Felieton Jakuba Szulca:
- Chodzi o ryczałtu, który ma zdefiniować na nowo zasady finansowania lecznictwa szpitalnego w Polsce. Ryczałt, o którym głośno – także na tych łamach – od ponad roku. Ryczałtu... który nie jest ryczałtem. Jak to możliwe?

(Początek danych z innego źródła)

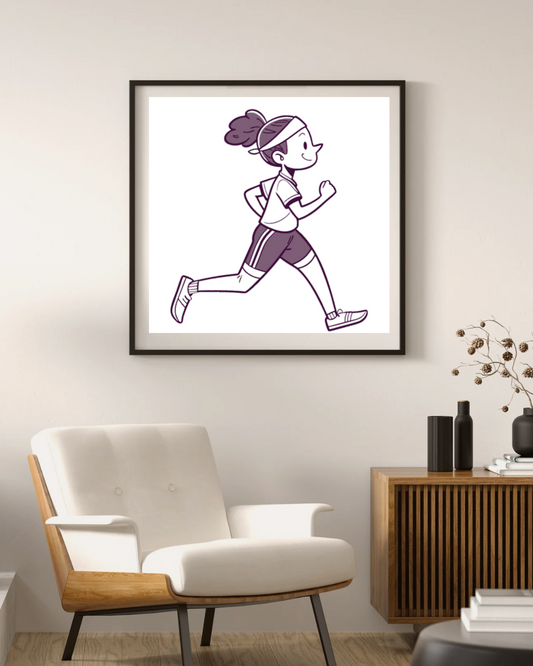 Cadre avec motif enfant joggeur joyeux au design monochrome sportif et élégant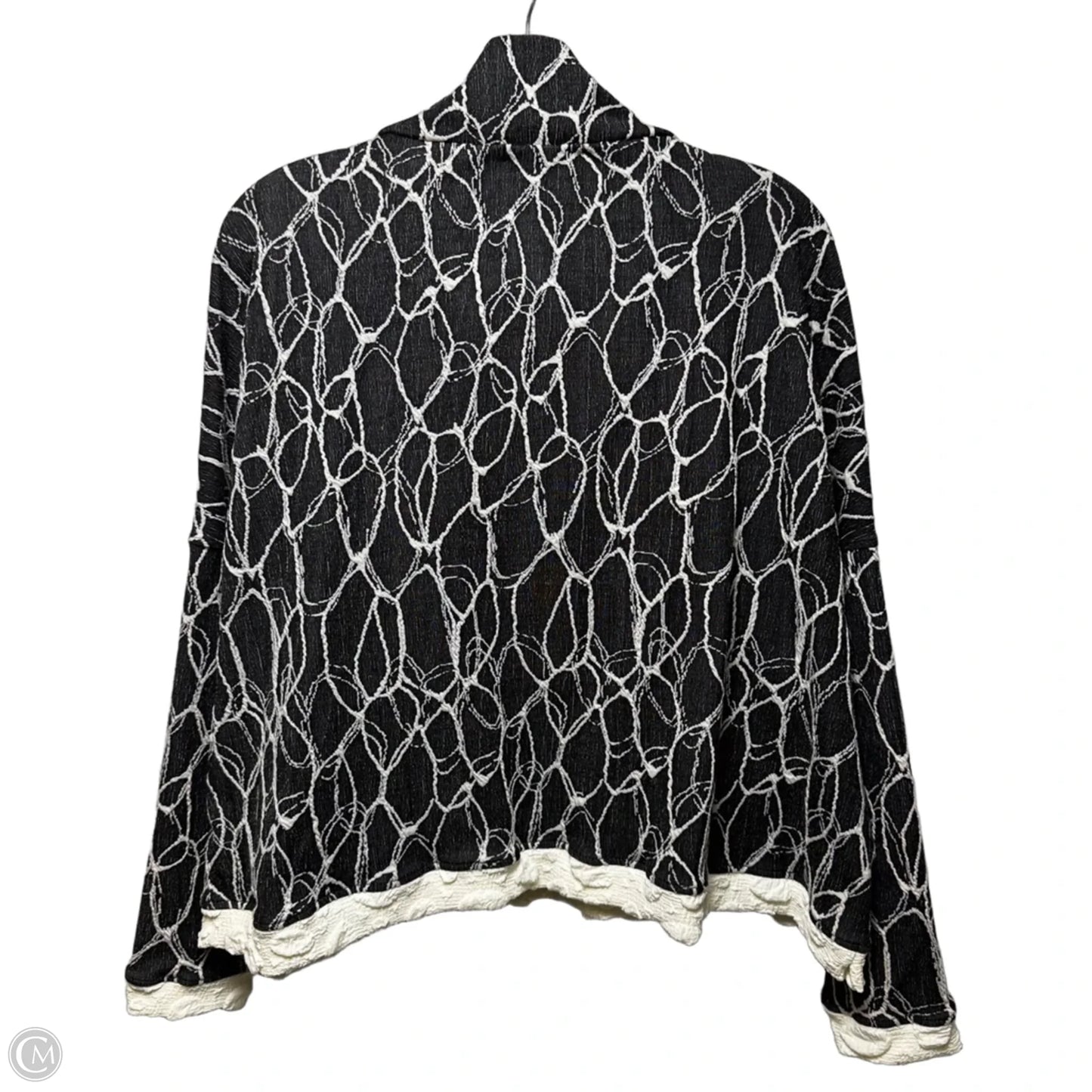 Double Zip Mock Neck Jacket By Moonlight By Y And S In Black & White, Size: M
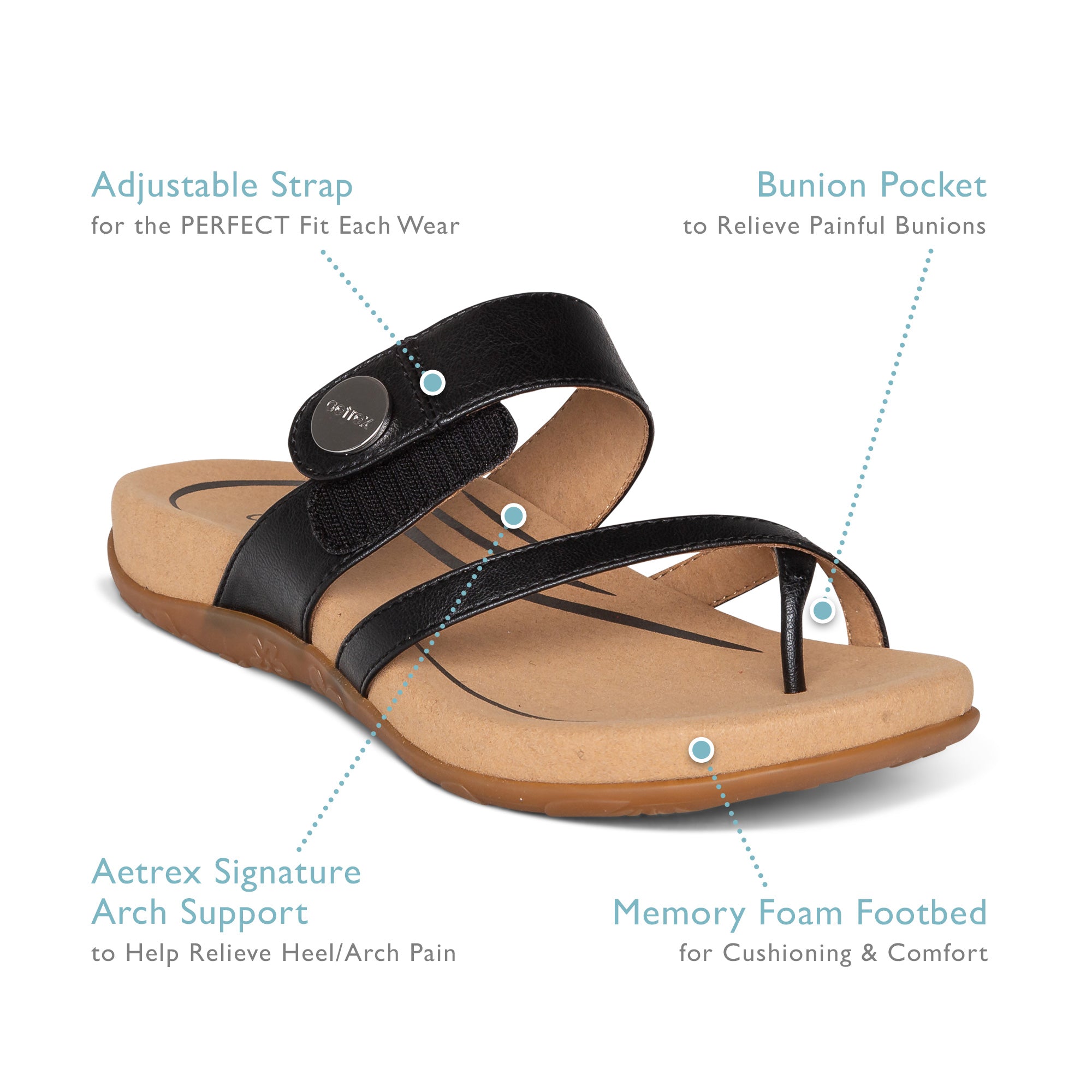 Aetrex Women's Izzy Adjustable Slide Sandals Black Sparkle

Zacznijmy od początku. Zgodnie z obowiązującymi od 27 czerwca rozporządzeniami ministra zdrowia część środków przeznaczonych na finansowanie lecznictwa szpitalnego rozliczana będzie jako świadczenia odrębnie kontraktowane (jak np. dzisiaj hemodializa). Czyli co do zasady sposób rozliczania się nie zmieni. W dalszym ciągu będziemy mieli finansowanie efektywnościowe. Wartościowo SOK-i mają stanowić ok. 46% świadczeń rozliczanych w szpitalu, czyli niemalże połowę. Te świadczenia to m.in. wysokokosztowa diagnostyka czy endoprotezoplastyka. Pozostałe 54% to finansowanie ryczałtowe.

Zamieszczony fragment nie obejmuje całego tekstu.